- WHAT TO PRODUCE
Please give back the lines from the line containing "PRINTFASHION Pikachu meme" through the end of the listing below, exactly as written and without pictures.

■ ■ ■

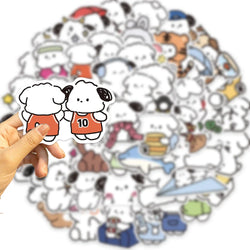 50PCS Kawaii yowoyowoo Sticker Puppy Dog Cute Cartoon Stickers Decals Phone Laptop Guitar Car Bottle Luggage Children Gift (Online Order Only)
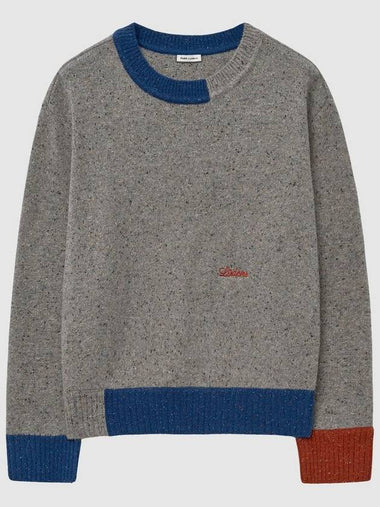 Color Block Crewneck Sweater - TABB LUDENS - BALAAN 1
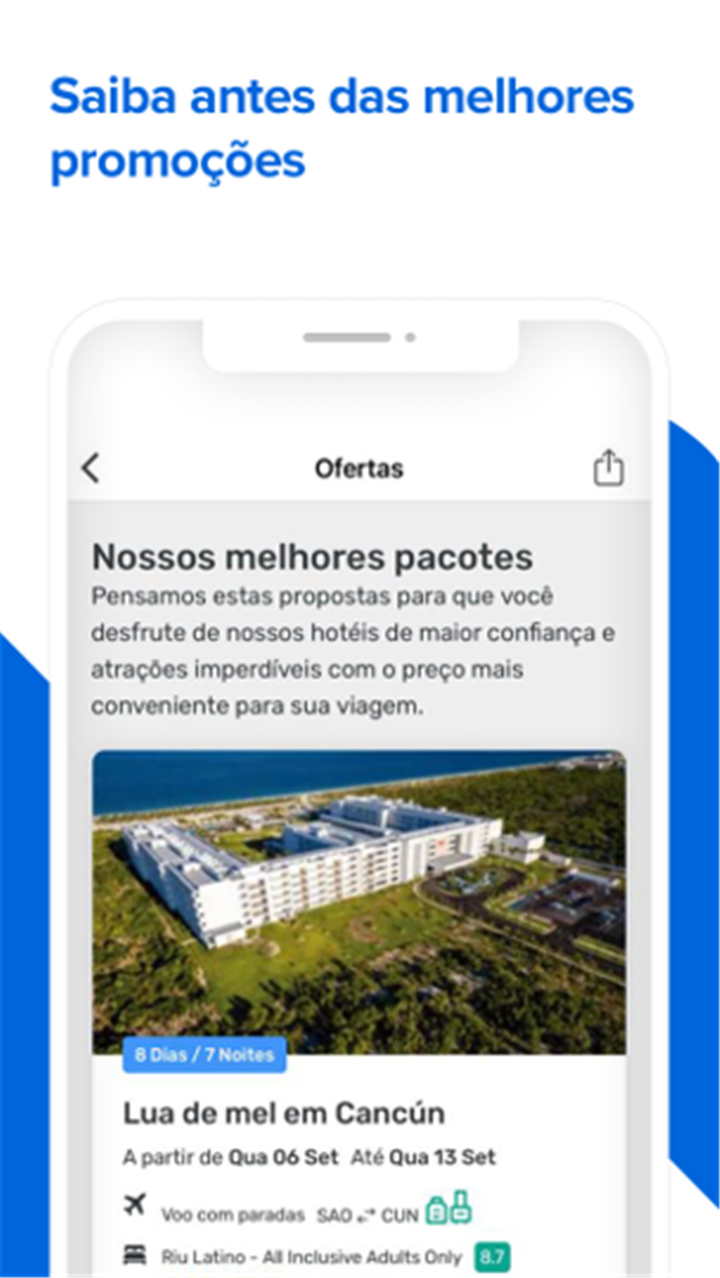 ViajaNet: voos e hotéis screenshot5
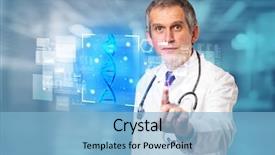  Presentation with biology - Cool new presentation with screen with biology and genetic backdrop and a light blue colored foreground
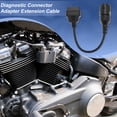 thumbnail image 3 of Unique Bargains Diagnostic Cable for BMW C-series C600(Sport)/ C650(GT) 1996-2016 OBD Adapter Cable Round 10-Pin to 16-Pin OBD II, 3 of 6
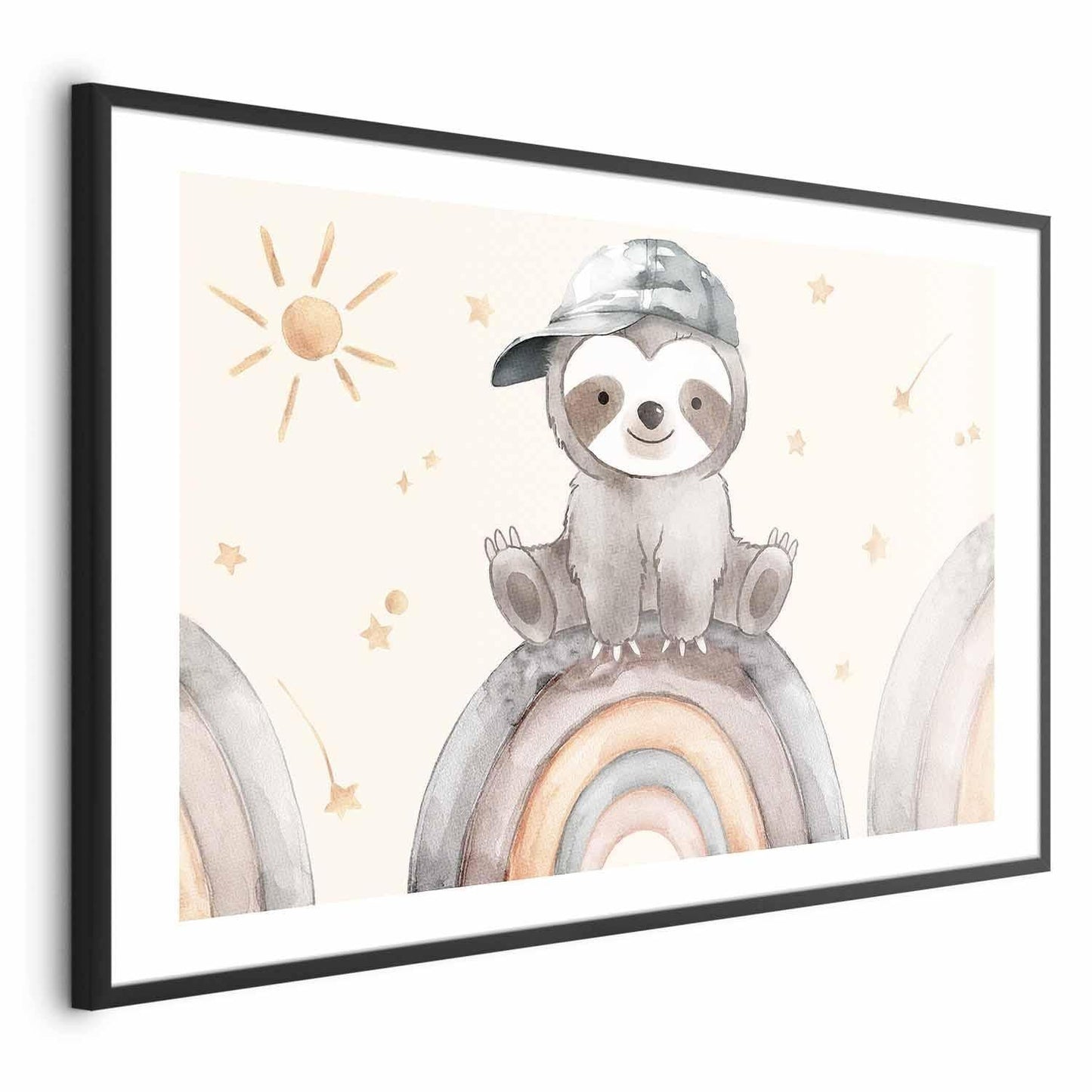 Poster - Little Animal Among Stars and Rainbows Artgeist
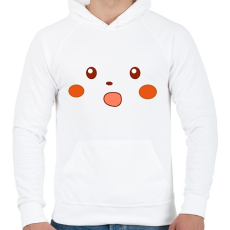 PRINTFASHION Pikachu meme - Férfi kapucnis pulóver - Fehér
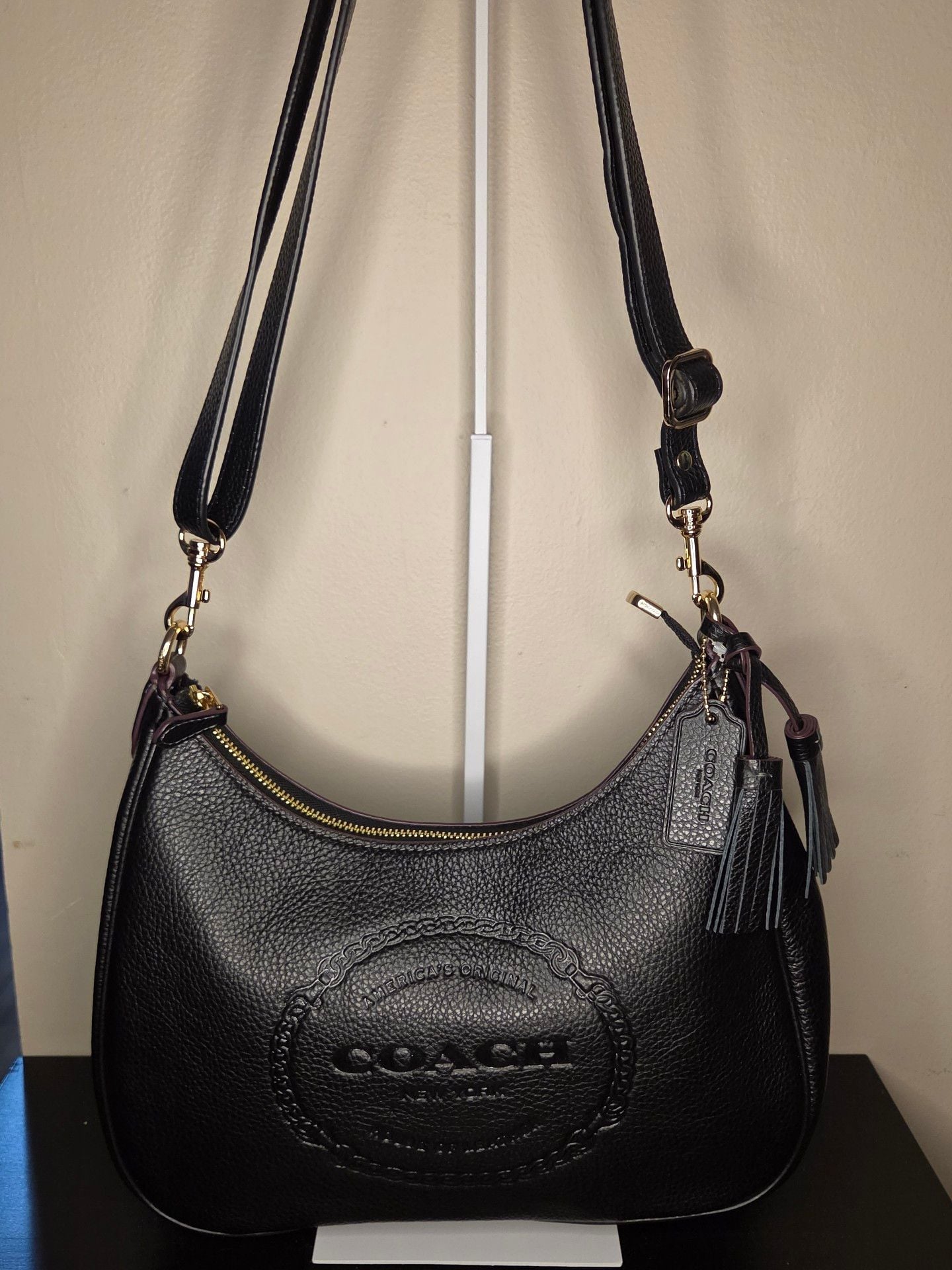 Coach Teri Hobo - Black shoulder/crossbody bag
2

■ ■ ■

- ANSWER TO THIS TASK
 PRINTFASHION Pikachu meme - Férfi kapucnis pulóver - Fehér
 Coach Teri Hobo - Black shoulder/crossbody bag
2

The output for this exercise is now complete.